机器学习实验室博士生系列论坛(第十二期)—— Reinforcement Learning with Observational Data: A Causal Perspective
报告人:Liangyu Zhang (PKU)
时间:20201-08-18 15:10-16:10
地点:北大静园六院一楼大会议室&腾讯会议 914 9325 5784
Abstract:In recent years, Reinforcement Learning (RL) achieves tremendous successes in various scenarios, e.g., game playing and robotics. However, these successes usually requires that either the agent can repeatedly interact with the environments or a large dataset generated by randomized trials is available. And in critical domains such as healthcare or education, such kind of trial and error is often impossible due to high costs or ethical constraints. Therefore, we would like to study how to solve RL problems with observational data. When dealing with the observational data, the biggest challenge is that the behavior policy that generates the observational data may depend on possibly unobserved confounders. Fortunately, we may effectively tackle such challenge leveraging tools from Causal Inference.

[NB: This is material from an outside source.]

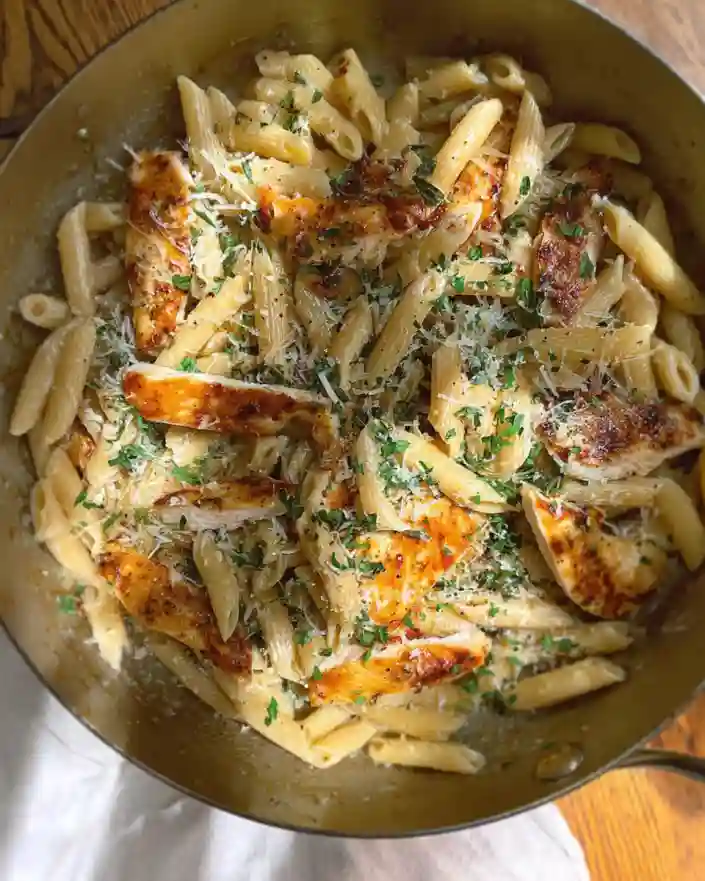 One pot garlic parmesan chicken pasta in skillet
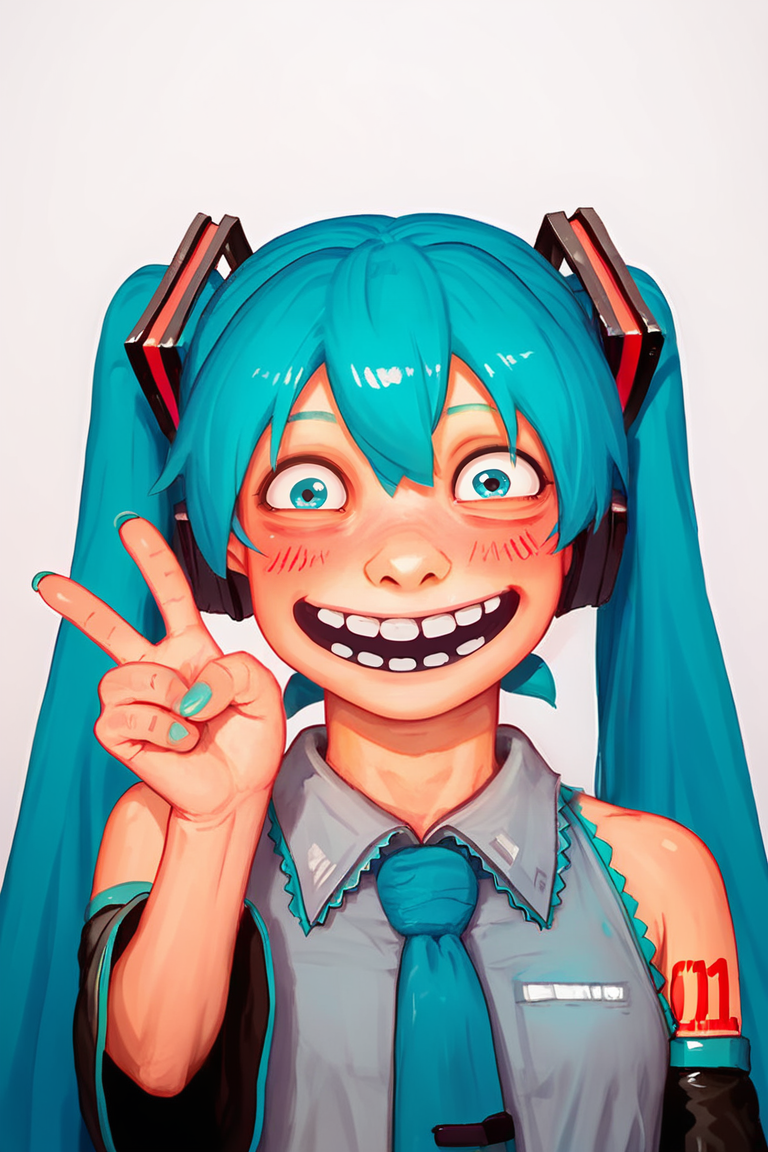 score_9, score_8_up, score_7_up, score_6_up, sfw, 1girl, solo, hatsune miku, <lora:lozhkin_pony:0.8> lozhkin, open mouth, big smile, accurate teeth with gaps, smile, V, blush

In this talk, we will first introduce the problem setup of RL with observational data and some basic results in causal inference. Then we will review a class of confounding-robust RL algorithms. The main idea is to construct causal bounds from confounded observations and then incorporate such bounds into the learning process. In addition, we will also briefly review some works on causal imitation learning.